- WHAT IS NEEDED: Print exactly the lines from the one that contains "Looks like new, I" through the last line of the material, both included, and leave out all pictures.

________

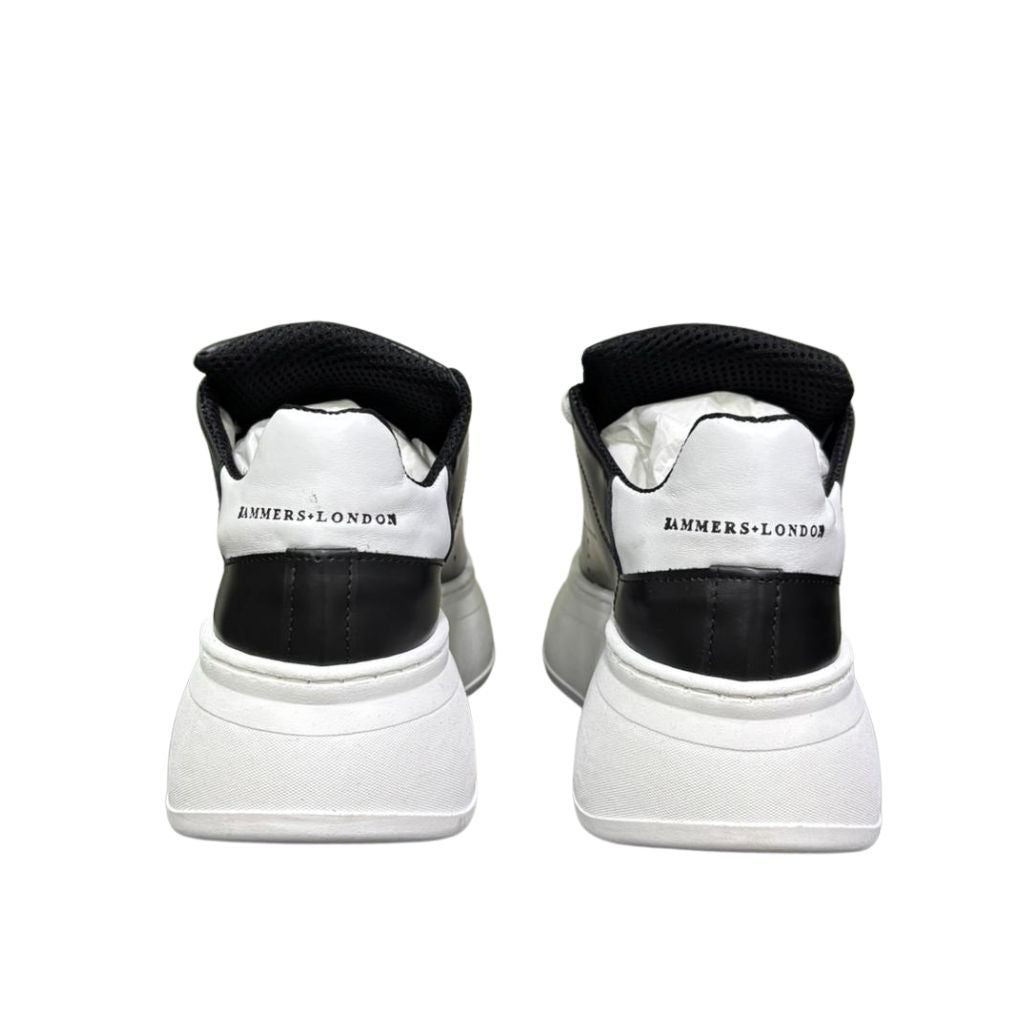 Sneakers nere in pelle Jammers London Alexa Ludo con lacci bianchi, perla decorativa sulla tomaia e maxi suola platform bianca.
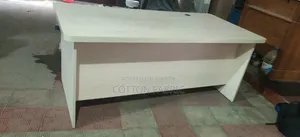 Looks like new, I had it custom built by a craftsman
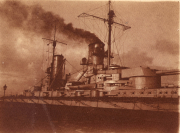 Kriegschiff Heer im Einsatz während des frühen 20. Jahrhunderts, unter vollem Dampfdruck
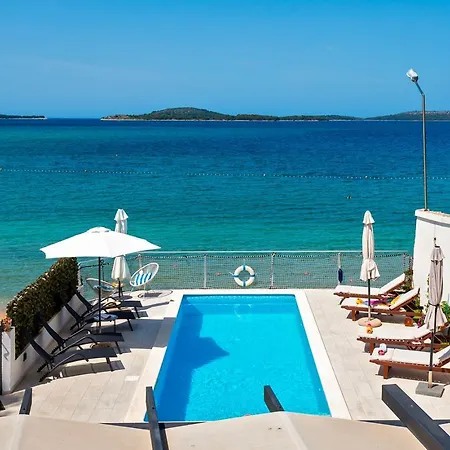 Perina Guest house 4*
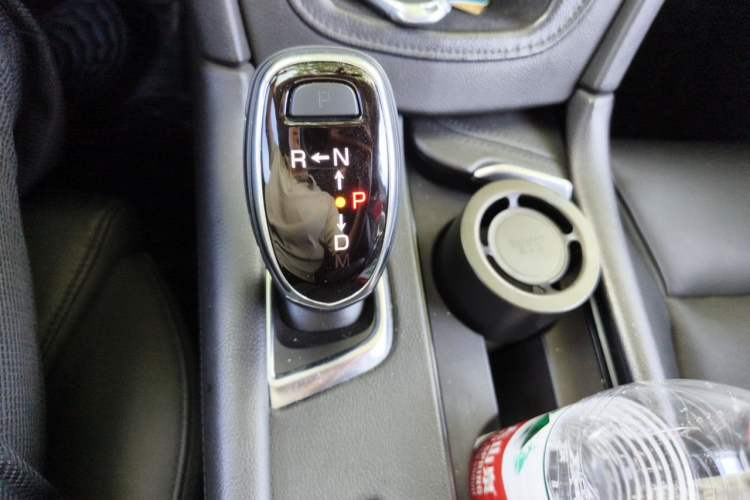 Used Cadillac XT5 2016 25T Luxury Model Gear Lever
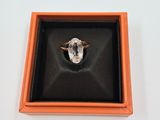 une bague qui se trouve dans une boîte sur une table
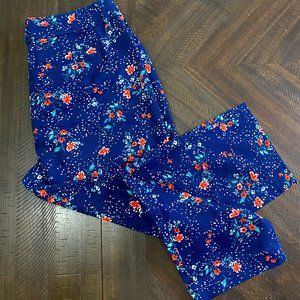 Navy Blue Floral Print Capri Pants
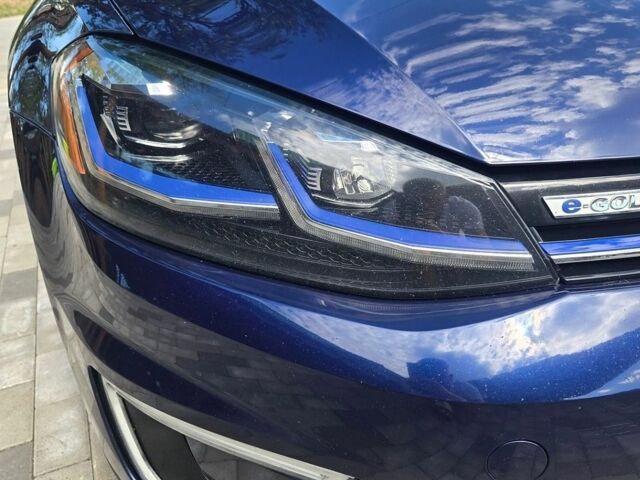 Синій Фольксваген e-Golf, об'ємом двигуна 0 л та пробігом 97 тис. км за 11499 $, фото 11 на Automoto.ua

________

- SOLUTION FOR THIS EXERCISE:
 Looks like new, I had it custom built by a craftsman
 Kriegschiff Heer im Einsatz während des frühen 20. Jahrhunderts, unter vollem Dampfdruck
 Perina Guest house 4*
 Used Cadillac XT5 2016 25T Luxury Model Gear Lever
 une bague qui se trouve dans une boîte sur une table
 Navy Blue Floral Print Capri Pants
 Синій Фольксваген e-Golf, об'ємом двигуна 0 л та пробігом 97 тис. км за 11499 $, фото 11 на Automoto.ua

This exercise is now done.